Below are records with pictures. Transcribe exactly, and only, the lines from the line with "Thumbnail von プジョー 405 405 MI 16" to the line with "Orange, California Patio", both ends included, but not the pictures.

▼

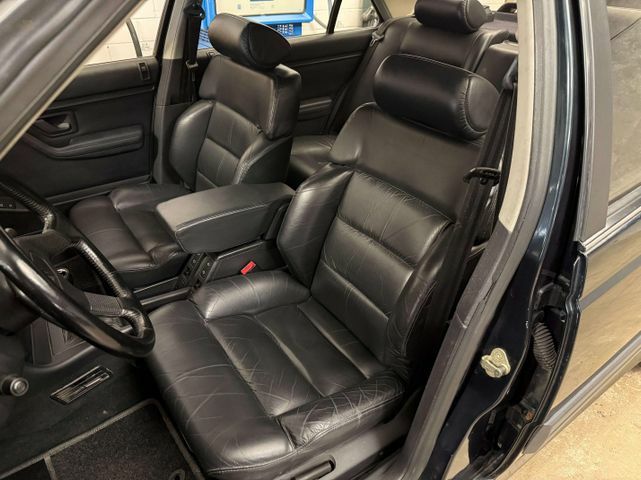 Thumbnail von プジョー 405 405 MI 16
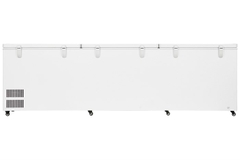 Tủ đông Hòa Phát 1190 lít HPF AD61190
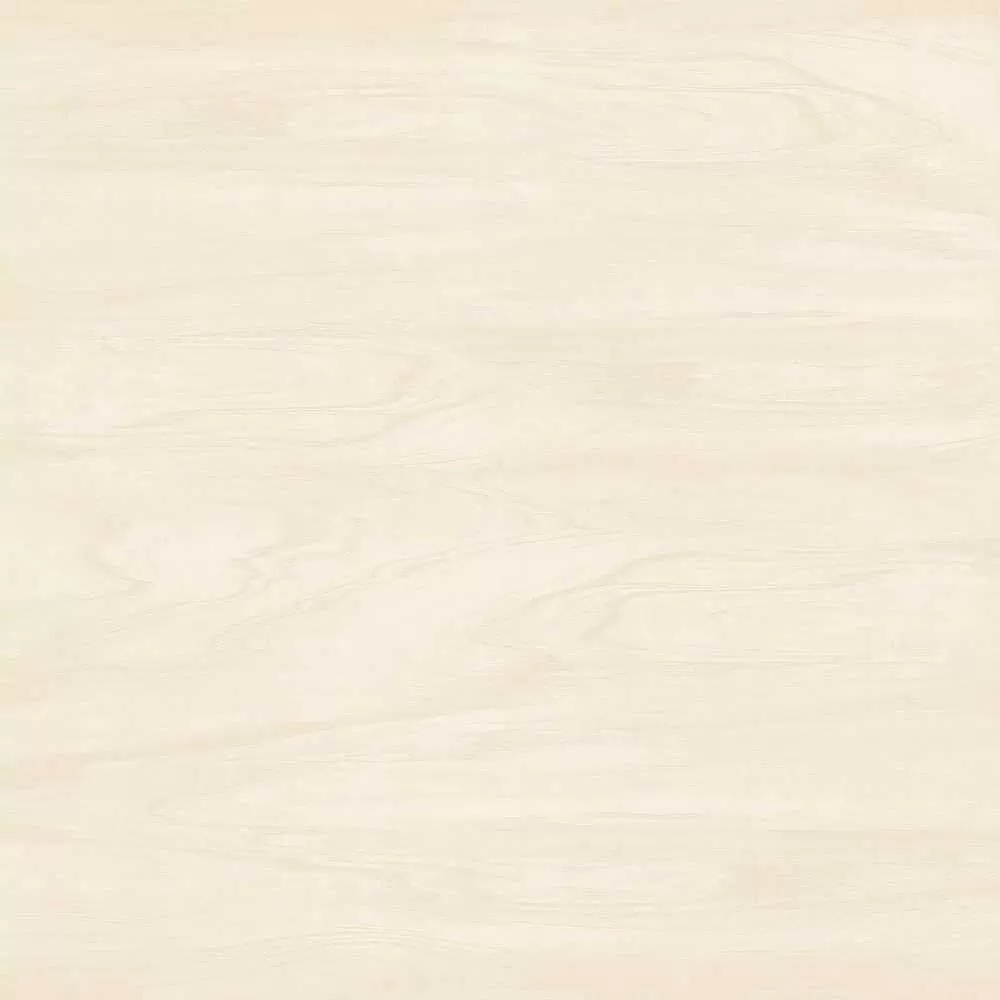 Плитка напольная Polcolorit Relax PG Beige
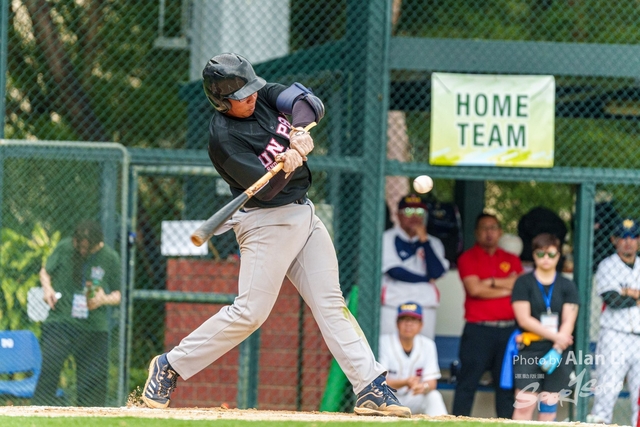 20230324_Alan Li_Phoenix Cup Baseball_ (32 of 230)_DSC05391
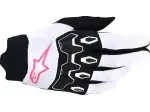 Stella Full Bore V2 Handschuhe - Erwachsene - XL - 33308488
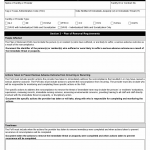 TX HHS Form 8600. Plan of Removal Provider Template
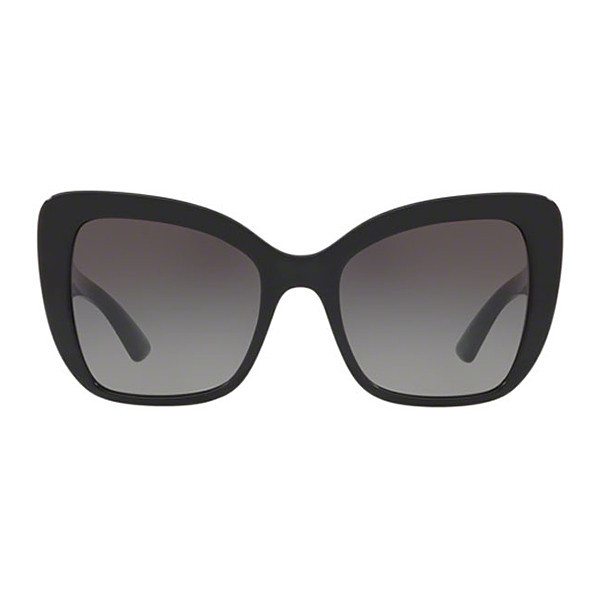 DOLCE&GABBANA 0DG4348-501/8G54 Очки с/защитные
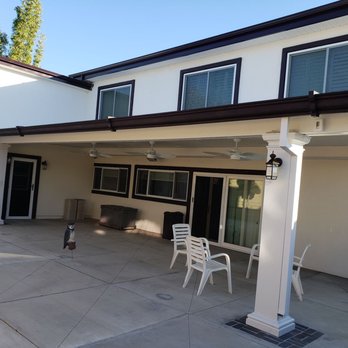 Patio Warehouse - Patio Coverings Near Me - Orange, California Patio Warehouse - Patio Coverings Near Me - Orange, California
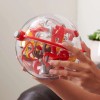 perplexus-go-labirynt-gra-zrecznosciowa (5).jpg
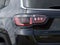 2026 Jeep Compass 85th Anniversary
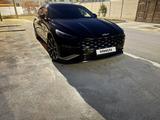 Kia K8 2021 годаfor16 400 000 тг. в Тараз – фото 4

▲
▼

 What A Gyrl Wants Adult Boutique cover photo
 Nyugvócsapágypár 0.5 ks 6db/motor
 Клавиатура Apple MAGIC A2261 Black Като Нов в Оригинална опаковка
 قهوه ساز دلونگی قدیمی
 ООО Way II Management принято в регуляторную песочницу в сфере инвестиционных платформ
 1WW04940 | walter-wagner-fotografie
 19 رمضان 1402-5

▲

__ANSWER BOX__.
 Thumbnail von プジョー 405 405 MI 16
 Tủ đông Hòa Phát 1190 lít HPF AD61190
 Плитка напольная Polcolorit Relax PG Beige
 20230324_Alan Li_Phoenix Cup Baseball_ (32 of 230)_DSC05391
 Stella Full Bore V2 Handschuhe - Erwachsene - XL - 33308488
 TX HHS Form 8600. Plan of Removal Provider Template
 DOLCE&GABBANA 0DG4348-501/8G54 Очки с/защитные
 Patio Warehouse - Patio Coverings Near Me - Orange, California Patio Warehouse - Patio Coverings Near Me - Orange, California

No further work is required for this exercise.